Great Aunt Agatha has retired from farming but, like many farmers, likes to keep her hand in, so she bought a few hectares near the end of a dead-end unsealed road heading to nowhere and got herself a house cow. The road split the property - paddocks on one side, farm house and buildings on the other, with roughly half a dozen traffic movements on a busy day.
Under Waimate's proposed rule, Great Aunt Agatha would be required to build a stock underpass if she wanted to milk her house cow on more than six days a year.
"A bit over the top," we suggested. Within minutes the council agreed and another 10 minutes of constructive dialogue saw a mutually agreeable solution reached which took into account both traffic and stock volumes.

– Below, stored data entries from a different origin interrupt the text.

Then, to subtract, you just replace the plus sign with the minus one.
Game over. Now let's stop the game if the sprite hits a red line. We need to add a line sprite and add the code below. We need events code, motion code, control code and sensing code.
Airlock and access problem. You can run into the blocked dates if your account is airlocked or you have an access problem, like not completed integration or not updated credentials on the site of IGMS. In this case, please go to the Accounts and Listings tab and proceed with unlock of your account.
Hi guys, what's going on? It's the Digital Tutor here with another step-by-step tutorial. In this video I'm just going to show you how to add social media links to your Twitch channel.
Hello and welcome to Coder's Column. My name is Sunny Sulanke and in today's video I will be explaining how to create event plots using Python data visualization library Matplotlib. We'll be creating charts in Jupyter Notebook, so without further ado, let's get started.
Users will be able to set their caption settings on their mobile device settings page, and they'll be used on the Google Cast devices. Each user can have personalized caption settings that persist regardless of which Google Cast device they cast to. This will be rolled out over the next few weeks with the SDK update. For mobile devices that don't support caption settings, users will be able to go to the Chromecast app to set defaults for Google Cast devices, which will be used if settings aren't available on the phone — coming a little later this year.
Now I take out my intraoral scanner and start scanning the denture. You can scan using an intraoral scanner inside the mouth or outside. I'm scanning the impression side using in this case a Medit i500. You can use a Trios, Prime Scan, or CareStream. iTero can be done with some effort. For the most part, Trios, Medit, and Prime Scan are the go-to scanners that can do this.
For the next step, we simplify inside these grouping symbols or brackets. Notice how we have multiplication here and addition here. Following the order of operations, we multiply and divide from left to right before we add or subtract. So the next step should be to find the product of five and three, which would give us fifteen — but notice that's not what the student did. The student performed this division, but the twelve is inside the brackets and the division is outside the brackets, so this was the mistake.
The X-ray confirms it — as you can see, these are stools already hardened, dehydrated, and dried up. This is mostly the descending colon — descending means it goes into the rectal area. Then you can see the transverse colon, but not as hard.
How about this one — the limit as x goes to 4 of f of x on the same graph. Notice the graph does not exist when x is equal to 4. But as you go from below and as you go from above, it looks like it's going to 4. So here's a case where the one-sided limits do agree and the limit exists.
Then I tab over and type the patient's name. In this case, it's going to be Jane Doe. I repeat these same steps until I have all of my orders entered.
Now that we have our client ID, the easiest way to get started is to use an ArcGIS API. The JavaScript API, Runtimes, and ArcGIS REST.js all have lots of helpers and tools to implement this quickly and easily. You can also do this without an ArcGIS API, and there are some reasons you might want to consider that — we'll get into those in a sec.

Federated Farmers can be satisfied with this outcome, but why did our appeal end up at the Environment Court? It did not need lawyers or in-depth debate on finer points of law.
Instead, good old-fashioned discussion worked, talking with various parties (rather than at them) to isolate the problem and come up with a practical solution.
Some other commonsense solutions were achieved in mediation too.
We appealed the council's decision to restrict the range of animals able to be farmed within the hill and high country zone, maintaining that as long as farmed animals were adequately fenced there is no justification for discrimination on animal type.
The council agreed and amended the wording to 'commercial livestock' rather than specifying types of animals. We were successful in achieving significant reductions in proposed set-backs for new milking sheds and we gained exclusion for fencing on land above 900 metres in a pastoral intensification rule.